Worst  Case  Scenario 2001 3
John Smith, ‘Worst Case Scenario, 2001-3, video

For the first time, the students of the Royal College of Art’s Curating Contemporary Art course have selected a monographic exhibition for their final year project. A solo show with 14 curators sounds like the stuff of nightmares. The idea brings to mind a persistent image: John Smith, the well-loved London filmmaker, sitting at home, quizzed by the entire graduating year.

The show includes a broad range of work, from rarely seen early films like ‘Triangles’ to newer videos such as the ‘Hotel Diaries’ series. For such a large number of moving image works, and despite the RCA ’s difficult space, the show has a satisfying rhythm to it, the curators having found inventive but unobtrusive ways to installing the work.

Smith’s older films often rely on a temporal or cognitive gap between sound and image. In ‘Associations’, 1975, words, or parts of words, in the voiceover, are illustrated by a series of fleeting pictures; the term ‘mechanism’, for example, is accompanied by an image of a tin can. As a consequence, retrospective understanding of sound and image puns destabilise the viewer’s capacity to comprehend what they see and hear in the next sentence. Presented at the start of the exhibition, early works like this make one wary of potential for tricks being played in the works that follow.

Revelling in the mundane and unremarkable, Smith’s work frequently resorts to absurd humour. In ‘Home Suite’, 1993-94, the artist rambles through his house and points the camera at various objects. As Smith explains the laudable attributes of his electric toothbrush, and complains about its astronomical price, he appears to be intentionally boring himself for comic effect. At one point he rather incredibly describes a huge vine that grew through his bathroom window and covered the ceiling, a story indicative of how the line between Smith’s recounted memories and his wilful fabrications is unclear. The artist speaks directly to camera while panning the room, mumbling and grumbling phrases to himself like: ‘Zoom in a bit’, ‘Make sure that’s in focus’.

While employing a similar structure to ‘Home Suite’, Smith’s series ‘Hotel Diaries’, 2001-2007, is less hermetic than the former, dispensing with the domestic and ‘known’ environment of Smith’s residence. The outside world and its politics leaks into works like ‘Museum Piece’, 2004, where news headlines concurrent with the day of recording run along the bottom of the screen.

The viewer accompanies Smith for the duration of these claustrophobic videos, watching him trapped in some lonely, selfconstructed bind. In ‘Frozen War’, the artist wonders aloud how long the television has been stuck on the same image, saying, ‘Can’t look at my watch because that will make the camera go shaky’.
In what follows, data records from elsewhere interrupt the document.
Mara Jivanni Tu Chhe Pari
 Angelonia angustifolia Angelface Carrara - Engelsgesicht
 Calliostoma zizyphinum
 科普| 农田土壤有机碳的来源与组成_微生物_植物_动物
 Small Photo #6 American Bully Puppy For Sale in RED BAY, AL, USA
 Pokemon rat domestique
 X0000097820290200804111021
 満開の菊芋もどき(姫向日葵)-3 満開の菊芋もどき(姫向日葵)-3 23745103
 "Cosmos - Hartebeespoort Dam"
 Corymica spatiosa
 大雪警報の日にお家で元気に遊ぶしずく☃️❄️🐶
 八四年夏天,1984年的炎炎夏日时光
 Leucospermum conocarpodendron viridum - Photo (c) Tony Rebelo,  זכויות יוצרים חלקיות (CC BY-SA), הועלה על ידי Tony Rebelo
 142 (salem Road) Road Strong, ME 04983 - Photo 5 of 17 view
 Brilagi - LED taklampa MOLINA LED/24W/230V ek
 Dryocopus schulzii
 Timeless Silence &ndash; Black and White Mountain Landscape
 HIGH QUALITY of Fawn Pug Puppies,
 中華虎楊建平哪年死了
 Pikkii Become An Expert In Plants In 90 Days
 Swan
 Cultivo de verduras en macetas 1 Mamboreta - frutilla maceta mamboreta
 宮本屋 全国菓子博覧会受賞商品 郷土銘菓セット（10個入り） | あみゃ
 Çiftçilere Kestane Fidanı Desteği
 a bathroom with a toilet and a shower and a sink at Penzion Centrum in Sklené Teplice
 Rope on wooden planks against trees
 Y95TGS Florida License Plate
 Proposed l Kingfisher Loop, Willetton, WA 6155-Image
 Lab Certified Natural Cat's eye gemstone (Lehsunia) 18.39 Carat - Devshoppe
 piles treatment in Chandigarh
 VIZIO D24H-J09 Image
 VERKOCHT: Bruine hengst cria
Speaking to camera in ‘Third Attempt’, Smith explains his reservations about using video, but also the necessity of it for his current mode of work. Conceptually central to the exhibition, this new installation consists of two works: the film ‘7p’, 1977-78, and a video remake titled ‘Regression’, 1998-99, both of which include Smith trying to remember and sing the words of ‘The Twelve Days of Christmas’. Played together, these voices show the difference of medium and time: alternating pitches and accents most poignantly indicates the change in the artist. Illustrating the problem of any retrospective exhibition, Smith’s younger and older selves compete for attention.

Compared to the restrained treatment of the works in the show, the accompanying publication is compiled with curatorial glee. A visual essay contextualises Smith’s work by placing it among fake photographs of the 9/11 attacks and headlines about forged British passports used in the recent hit on Hamas officials. The essay makes the politics of Smith’s work explicit. The only irritating flourish is the inexplicably un-trimmed top edges of the pages, which requires the joined sheets to be split with the bookmark provided.

The catalogue’s opening text pivots on the potential anonymity provided by John Smith’s improbably ordinary sounding name, a name once proposed by Malcolm LeGrice as a ‘readymade’. It seems that the members of the graduating cohort have accepted a similar anonymity this year—everyone involved in the show has become a cipher, each curator simply a ‘Curating Contemporary Art student’ and John Smith an ‘every-artist’. Successfully synthesising a conceptual exploration of solo shows and the staging of one, the exhibition is accompanied by a series of events. Meanwhile, an additional publication is planned to address the contemporary relevance of retrospective solo shows.

The choice of Smith as subject is a suitable foil to something potentially cold and overly conceptualised—as always, the humour, humility and quality of his work shines through, and the exhibition is one that shows care and clear intent.